The British government launched plans on Monday to give shareholders binding votes over executive pay, in a package of measures aimed at cracking down on excessive boardroom salaries and bonuses.
Business Secretary Vince Cable also launched proposals to encourage greater transparency over executive pay deals, and create more diverse boards and remuneration committees, amid ongoing public anger over bosses' pay.
Cable, a key Liberal Democrat member of the Conservative-led coalition government, told lawmakers that there was a "disconnect" between boardroom pay and company performance, and described the issue as a "clear market failure".
"The evidence is very clear -- that businesses and investors recognise that there is a disconnect between top pay and company performance and that something must be done," Cable said in a statement to the House of Commons.
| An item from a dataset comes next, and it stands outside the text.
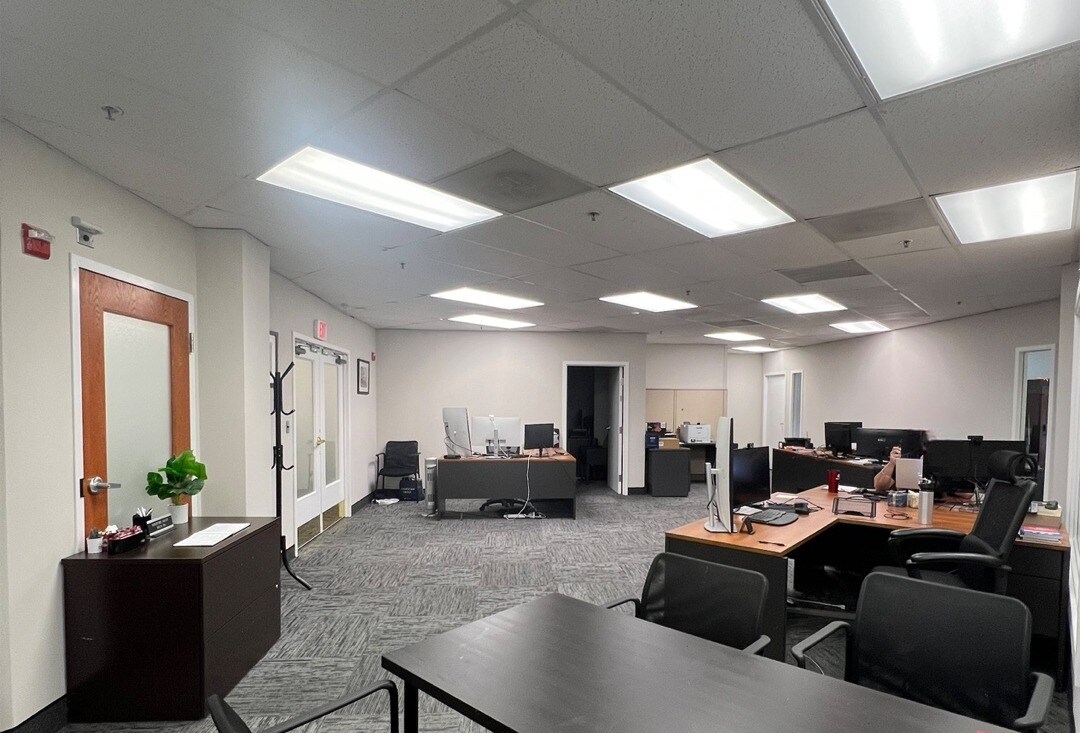 1952 Gallows Rd, Vienna, VA à louer Photo intérieure– Image 1 sur 4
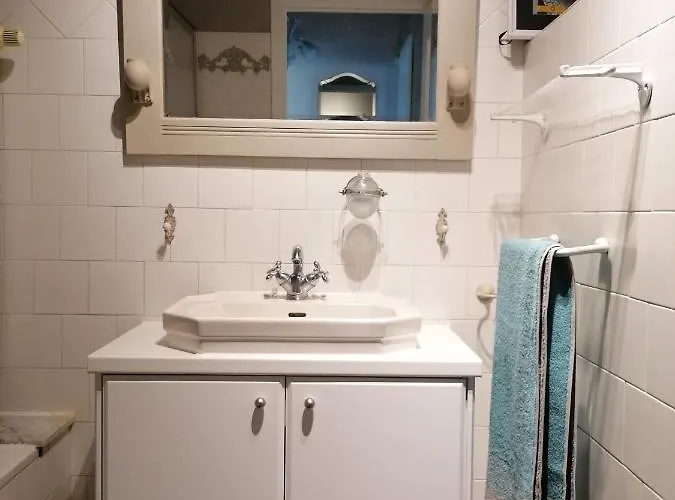 L'autre Rive De La Tourelle *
"We cannot continue to see chief executives' pay rising at 13 percent a year while the performances of companies on the stock exchange languishes way behind.
"We cannot accept top pay rising at five times the rate of average workers pay, as it did last year.
"It's not government's role to micro-manage company pay, but there are things we can do to address what is a clear market failure."
The coalition wants companies to produce a distribution statement to allow shareholders to compare executive pay with other dispersals -- such as dividends, business investment, taxation and general staffing costs.
And he added: "Alongside more information, shareholders need new powers to hold the board to account.
"I will consult shortly on specific proposals to reform the current voting arrangements and give shareholders a binding vote, enabling them to exert more pressure on boards.
"This will include a binding vote on future pay policy, including details of how performance will be judged, and real numbers on the potential payouts directors could receive.
Companies will have to include a statement on how they have taken into account shareholder views and the results of previous votes."